Short web captions
------------------------------------------------------------------------
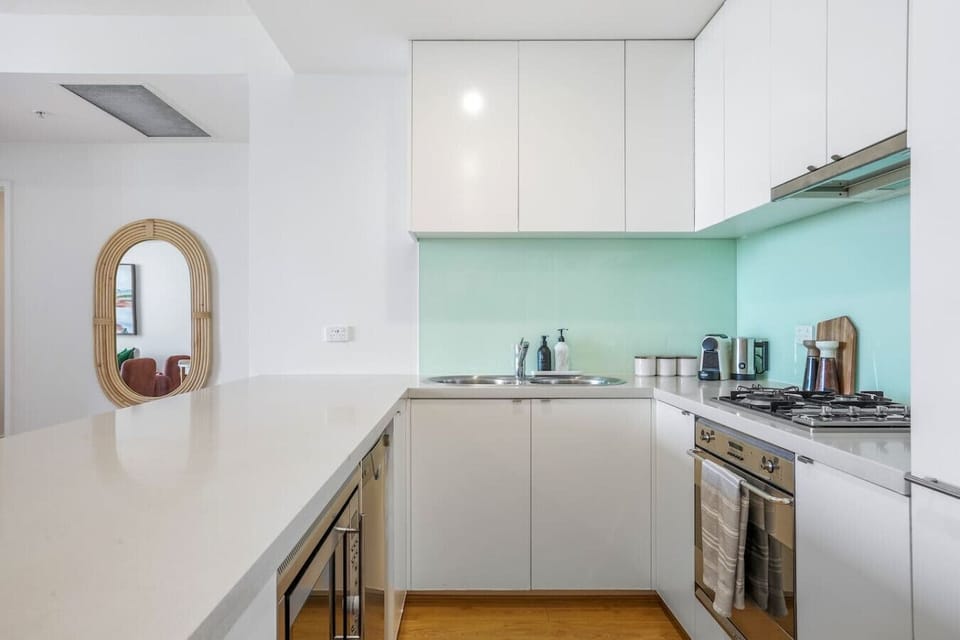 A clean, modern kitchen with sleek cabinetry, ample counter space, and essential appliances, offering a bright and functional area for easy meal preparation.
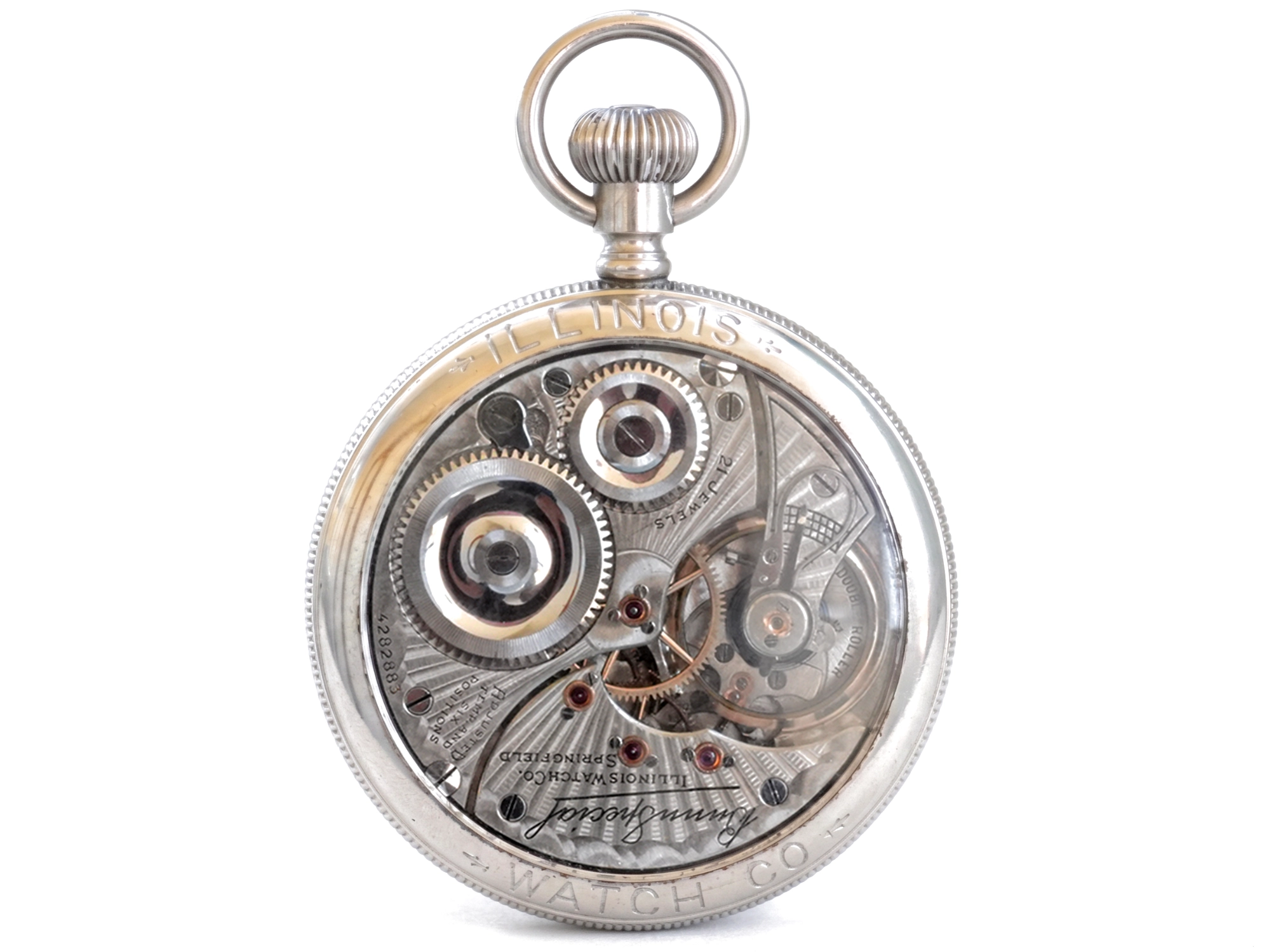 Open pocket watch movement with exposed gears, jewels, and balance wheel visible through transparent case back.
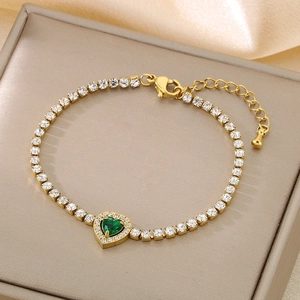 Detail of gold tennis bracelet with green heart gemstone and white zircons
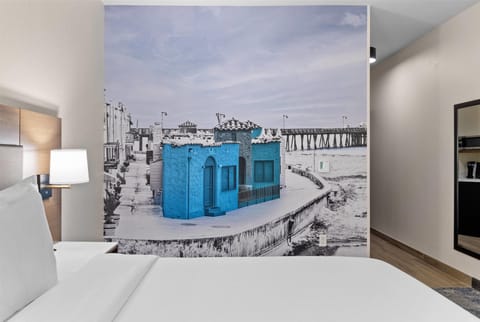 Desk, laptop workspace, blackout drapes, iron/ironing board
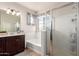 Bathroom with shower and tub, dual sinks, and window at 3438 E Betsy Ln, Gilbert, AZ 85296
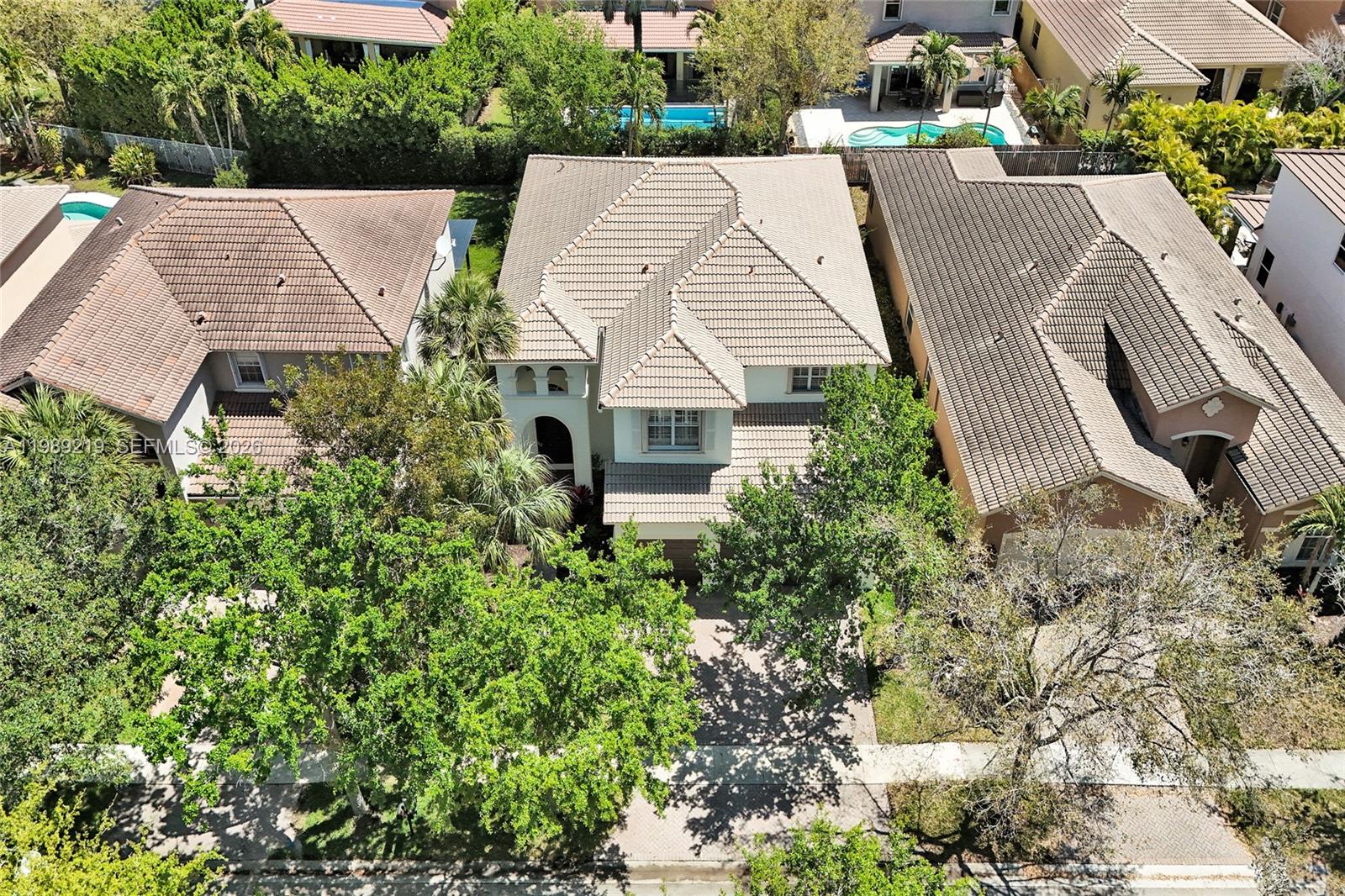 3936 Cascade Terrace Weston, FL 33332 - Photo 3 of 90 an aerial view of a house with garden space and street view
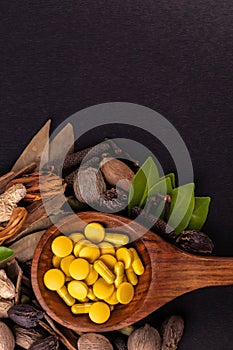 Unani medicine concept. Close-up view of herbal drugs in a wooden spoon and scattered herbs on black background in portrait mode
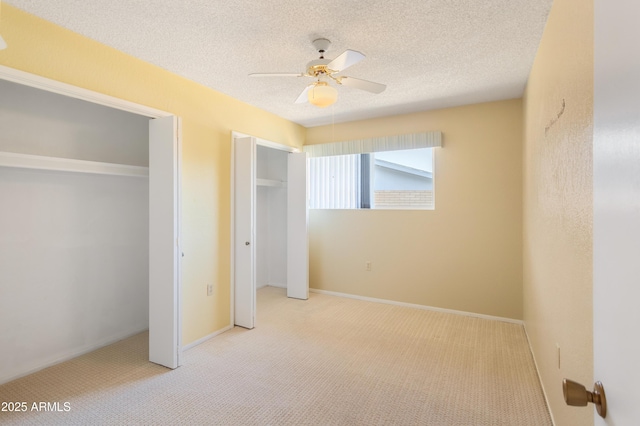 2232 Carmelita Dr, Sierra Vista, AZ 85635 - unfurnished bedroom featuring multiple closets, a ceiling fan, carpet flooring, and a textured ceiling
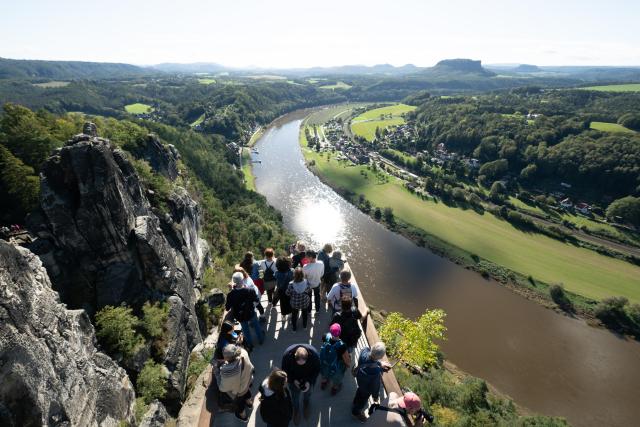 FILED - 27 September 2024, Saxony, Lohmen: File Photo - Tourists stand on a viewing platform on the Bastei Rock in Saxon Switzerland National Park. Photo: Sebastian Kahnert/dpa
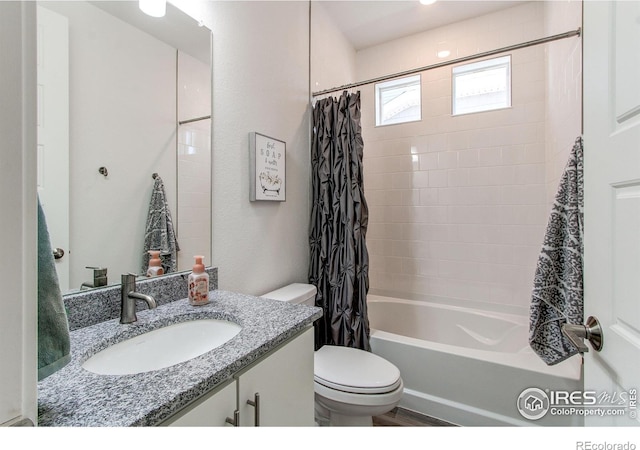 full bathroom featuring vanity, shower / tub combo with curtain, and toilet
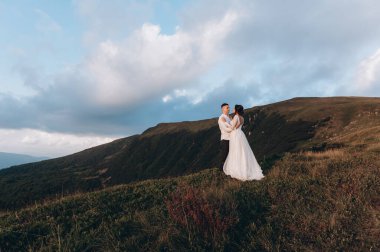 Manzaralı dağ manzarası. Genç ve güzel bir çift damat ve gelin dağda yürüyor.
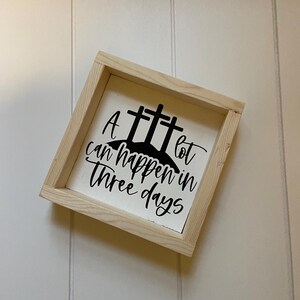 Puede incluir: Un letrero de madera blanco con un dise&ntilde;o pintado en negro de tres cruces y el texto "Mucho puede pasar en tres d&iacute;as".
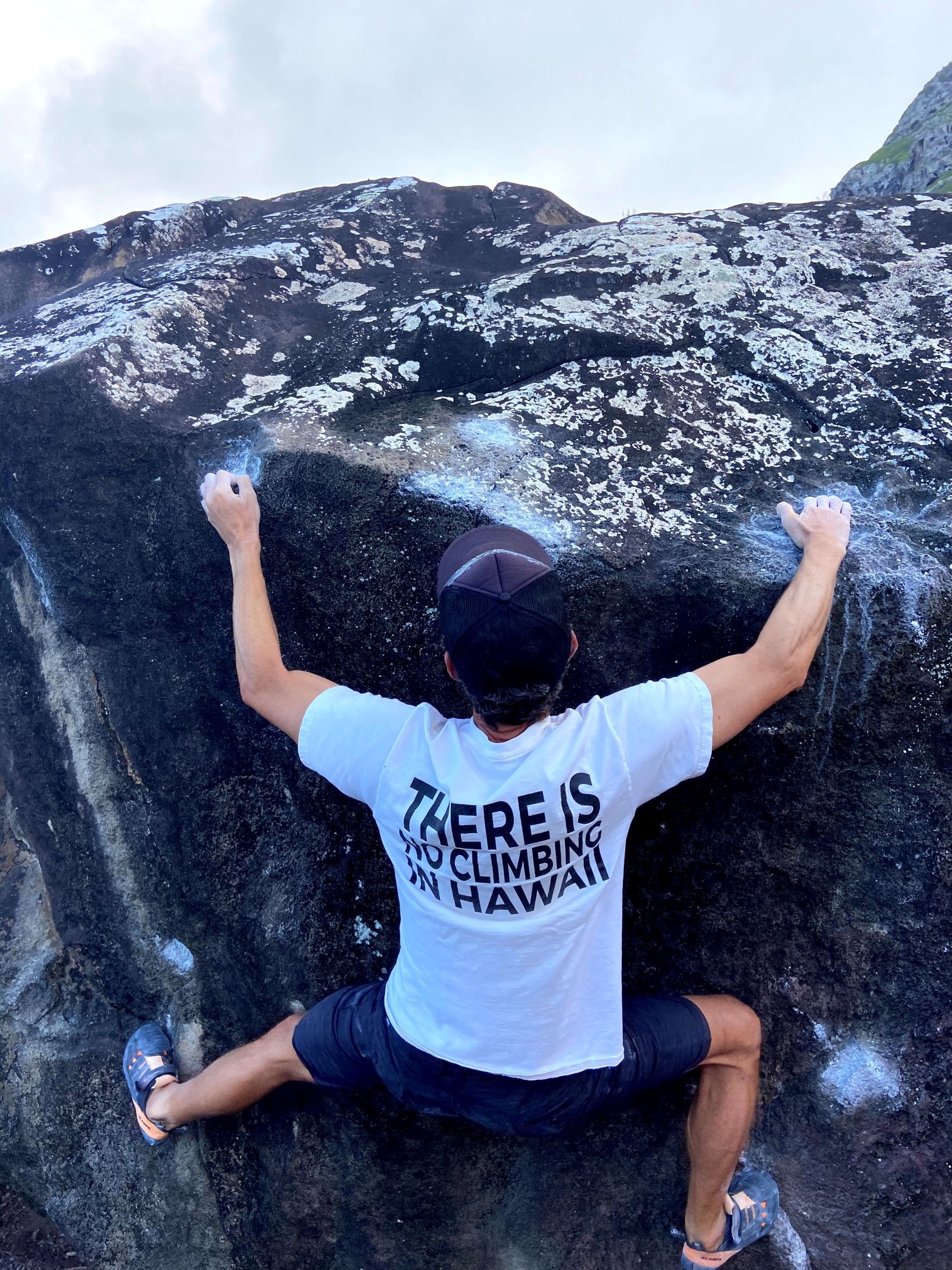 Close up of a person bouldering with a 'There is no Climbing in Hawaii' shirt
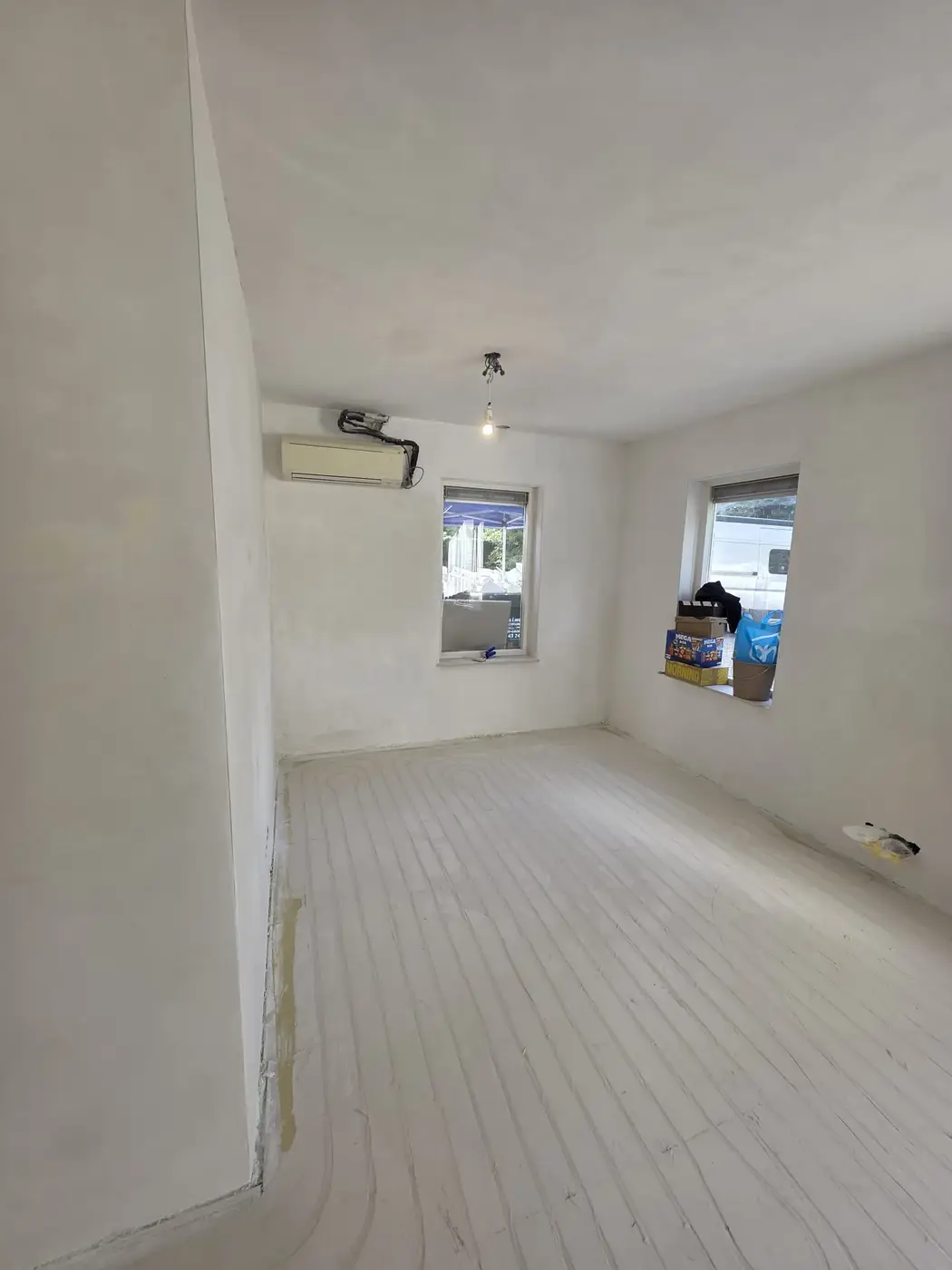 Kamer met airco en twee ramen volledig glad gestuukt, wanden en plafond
------------------------------------------------------------------------
§ **Task description**
Give back all of the entries above exactly, with the pictures excluded.

§ **Answer section**
 A clean, modern kitchen with sleek cabinetry, ample counter space, and essential appliances, offering a bright and functional area for easy meal preparation.
 Open pocket watch movement with exposed gears, jewels, and balance wheel visible through transparent case back.
 Detail of gold tennis bracelet with green heart gemstone and white zircons
 Desk, laptop workspace, blackout drapes, iron/ironing board
 Bathroom with shower and tub, dual sinks, and window at 3438 E Betsy Ln, Gilbert, AZ 85296
 3936 Cascade Terrace Weston, FL 33332 - Photo 3 of 90 an aerial view of a house with garden space and street view
 Unani medicine concept. Close-up view of herbal drugs in a wooden spoon and scattered herbs on black background in portrait mode
 2232 Carmelita Dr, Sierra Vista, AZ 85635 - unfurnished bedroom featuring multiple closets, a ceiling fan, carpet flooring, and a textured ceiling
 FILED - 27 September 2024, Saxony, Lohmen: File Photo - Tourists stand on a viewing platform on the Bastei Rock in Saxon Switzerland National Park. Photo: Sebastian Kahnert/dpa
 full bathroom featuring vanity, shower / tub combo with curtain, and toilet
 Manzaralı dağ manzarası. Genç ve güzel bir çift damat ve gelin dağda yürüyor.
 Puede incluir: Un letrero de madera blanco con un dise&ntilde;o pintado en negro de tres cruces y el texto "Mucho puede pasar en tres d&iacute;as".
 Close up of a person bouldering with a 'There is no Climbing in Hawaii' shirt
 Kamer met airco en twee ramen volledig glad gestuukt, wanden en plafond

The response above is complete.